- YOUR ASSIGNMENT
Look for the line containing "Zen Mozaik Sanatsal" and the line containing "Ring N.29 18K" in the entries below. Copy those two and all lines between them exactly, leaving out pictures.

- SOURCE MATERIAL
——
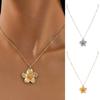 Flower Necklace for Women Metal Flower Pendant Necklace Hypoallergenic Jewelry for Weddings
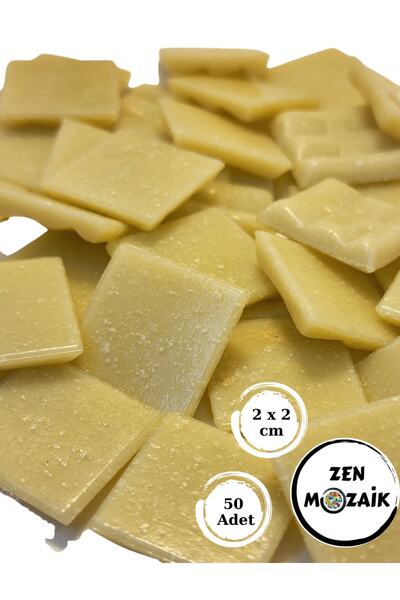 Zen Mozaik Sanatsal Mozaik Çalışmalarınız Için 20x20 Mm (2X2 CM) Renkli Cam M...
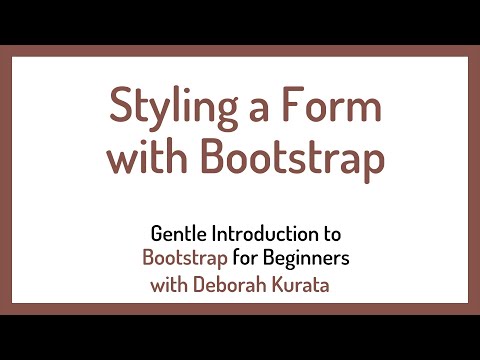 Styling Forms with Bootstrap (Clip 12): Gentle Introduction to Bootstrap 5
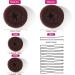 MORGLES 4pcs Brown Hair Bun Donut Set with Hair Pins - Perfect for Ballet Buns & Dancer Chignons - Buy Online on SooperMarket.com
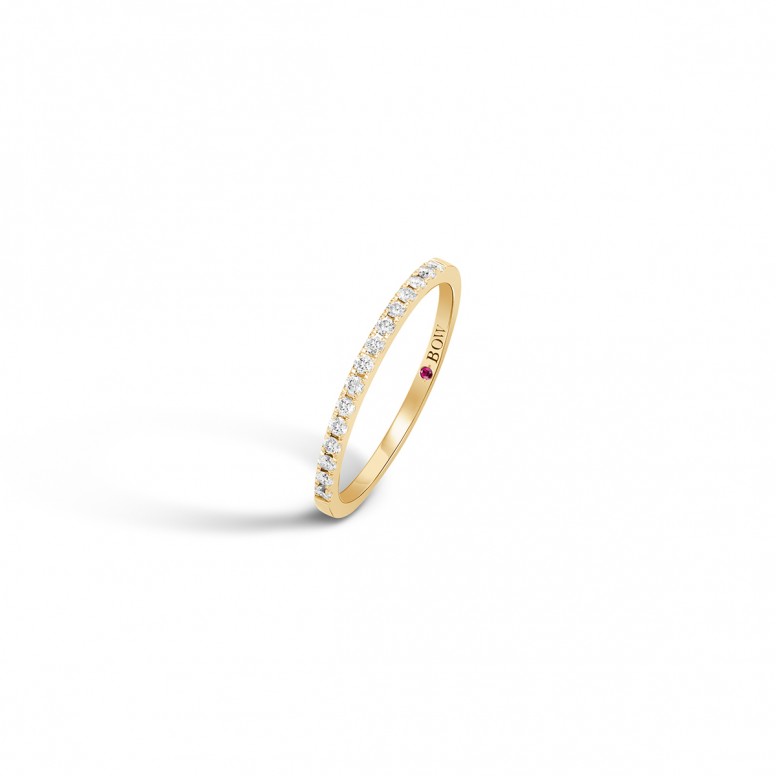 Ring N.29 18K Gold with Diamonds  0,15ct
——
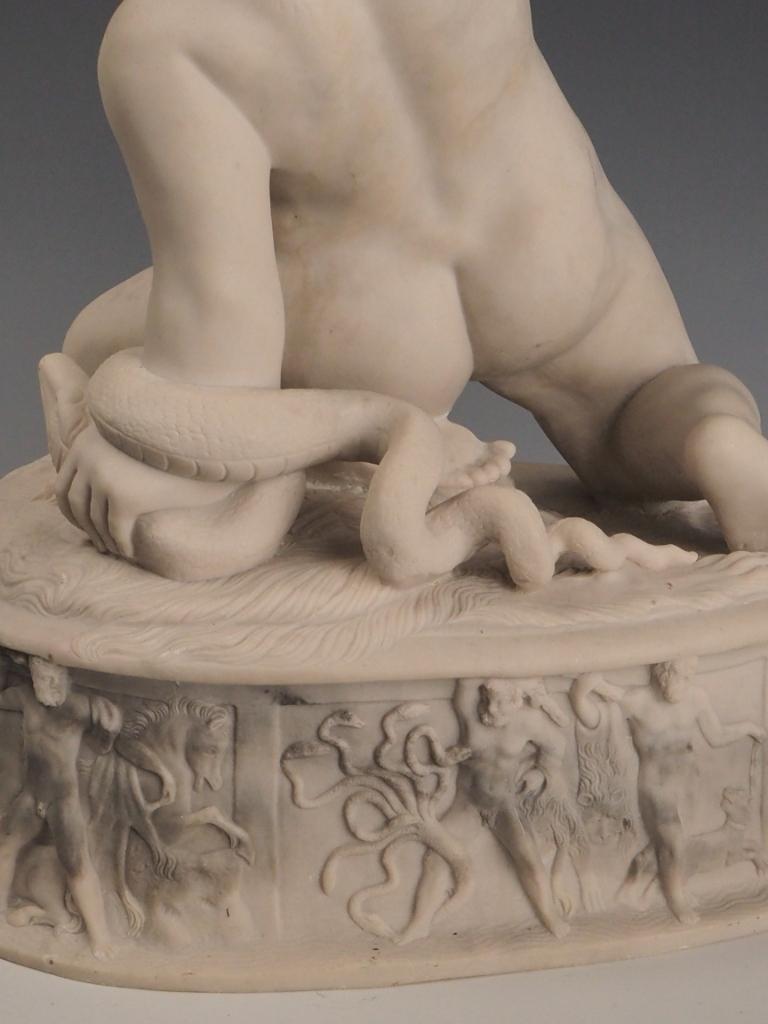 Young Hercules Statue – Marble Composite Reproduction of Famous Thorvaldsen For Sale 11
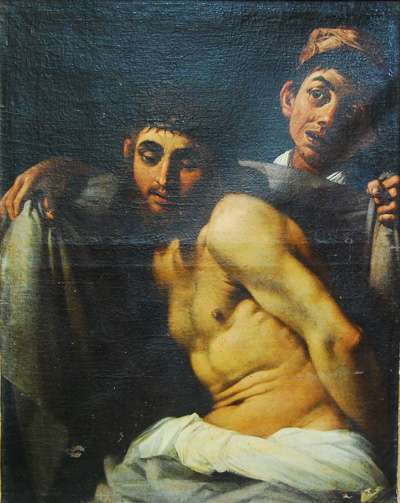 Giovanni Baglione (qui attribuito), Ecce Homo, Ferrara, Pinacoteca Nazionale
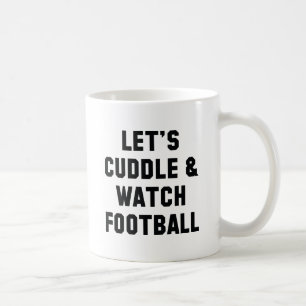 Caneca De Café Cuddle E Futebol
——
- YOUR RESPONSE
 Zen Mozaik Sanatsal Mozaik Çalışmalarınız Için 20x20 Mm (2X2 CM) Renkli Cam M...
 Styling Forms with Bootstrap (Clip 12): Gentle Introduction to Bootstrap 5
 MORGLES 4pcs Brown Hair Bun Donut Set with Hair Pins - Perfect for Ballet Buns & Dancer Chignons - Buy Online on SooperMarket.com
 Ring N.29 18K Gold with Diamonds  0,15ct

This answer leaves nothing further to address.